Álvaro Antônio Pereira Coli, nascido em Carmo de Minas, dia 11 de dezembro de 1965. Meu pai, Paulo Afrânio Pereira Coli, nascido em Carmo de Minas, dia 3 de outubro de 1928. E minha mãe Adila Pereira Coli, nascida em 08 de setembro de 1941, os dois de Carmo de Minas também. Meu pai nasceu já na agricultura, os bisavós, os avós dele, os pais, sempre foram agricultores, e cafeicultores também. E ele nasceu na cafeicultura, estudou só até a 4ª série, e parou, foi trabalhar na roça. E minha mãe desde pequena morou na roça também e depois trabalhava como costureira, e auxiliando aí nas despesas como costureira, e trabalha ela até hoje, ele já é falecido. Meu pai sempre, desde pequeno, me levava até pra roça pra me ensinar alguma coisinha lá, sempre deixando eu estudar, mas levando pra roça também. E a mamãe um pouco mais brava. Como dizia, a mamãe punha de castigo, o papai tirava. Somos em sete irmãos, são seis mulheres e eu de homem. Então todos hoje casados, uma só mora em São Paulo, o resto tudo mora aqui em Carmo de Minas mesmo, cada um num ramo diferente, mas a propriedade a gente toca em conjunto, é uma pequena propriedade, chama Sítio da Torre. É o nome então desde o tempo do meu avô, Sítio da Torre, e a gente conserva esse nome. Os avós do meu pai vieram da Itália com 15 anos de idade. O meu bisavô, né, veio da Itália, Antônio Coli. Com 15 anos de idade e instalou aqui, começou a trabalhar no comércio primeiro e depois começou a trabalhar na agricultura também. E que foi onde que foi meu avô, meu pai, e passou pra gente também. Meu pai, bem antes dele falecer, ele teve um problema de vista, ficou cego, aí ele entregou a fazenda pra gente. E aí tocamos juntos até hoje, desde 1995, em parceria.

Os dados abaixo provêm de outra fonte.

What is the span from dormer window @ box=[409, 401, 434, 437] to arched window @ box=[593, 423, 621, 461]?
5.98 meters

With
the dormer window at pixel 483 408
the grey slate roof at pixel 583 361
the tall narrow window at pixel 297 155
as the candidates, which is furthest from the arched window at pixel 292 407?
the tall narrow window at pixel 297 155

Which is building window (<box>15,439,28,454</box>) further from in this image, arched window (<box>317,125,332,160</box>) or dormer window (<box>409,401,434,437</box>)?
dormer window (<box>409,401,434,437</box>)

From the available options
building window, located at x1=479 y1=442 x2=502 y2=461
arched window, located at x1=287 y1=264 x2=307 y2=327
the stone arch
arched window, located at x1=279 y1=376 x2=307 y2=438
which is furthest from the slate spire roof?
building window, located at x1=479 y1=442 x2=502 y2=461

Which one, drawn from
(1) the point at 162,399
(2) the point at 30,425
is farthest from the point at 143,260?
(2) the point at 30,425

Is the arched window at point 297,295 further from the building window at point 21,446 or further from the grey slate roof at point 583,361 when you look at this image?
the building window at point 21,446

Carmo de Minas - Em 1965 quando eu nasci, a cidade já era pequenininha, muitas ruas de terra ainda, era algumas ruas só calçada, então a gente já gostava de brincar, porque brincar no barro, principalmente quando chovia. Cidade pequena era uma delícia, né? Então era uma liberdade total. E até hoje ela é pequena, a gente usa muito a estrutura de São Lourenço, mas Carmo de Minas, sair daqui a gente não sai. A casa, quando os meus pais casaram, vieram e moraram no sítio. Quando os filhos nasceram e começaram a estudar, eles acabaram vindo pra cidade morar com os meus avós. E aí logo a família aumentou, que quando era um ou dois filhos, mas depois aumentou, eles compraram uma casa. A casa era relativamente pequena, uma casa com três quartos, e tinham sete filhos, então depois foram aumentando a casa; o terreno era grande, foram aumentando, construindo mais quarto, como diz, o que a gente fala, o puxadinho. E até hoje eu moro nessa casa, essa casa em que eu nasci, que eles compraram por volta de 1960 ou antes um pouco até. Eles tinham a casa na roça, mas tinham essa também. Então eu nasci e já morei nela e até hoje eu moro nela, porque quando meu pai perdeu a vista em 1995, minhas irmãs eram todas casadas já, era só eu solteiro. Então eu acabei ficando com eles lá e depois casei, e continuei morando com eles. Meu pai faleceu em 2010, e eu continuo. Minha mãe mora com a gente lá até hoje.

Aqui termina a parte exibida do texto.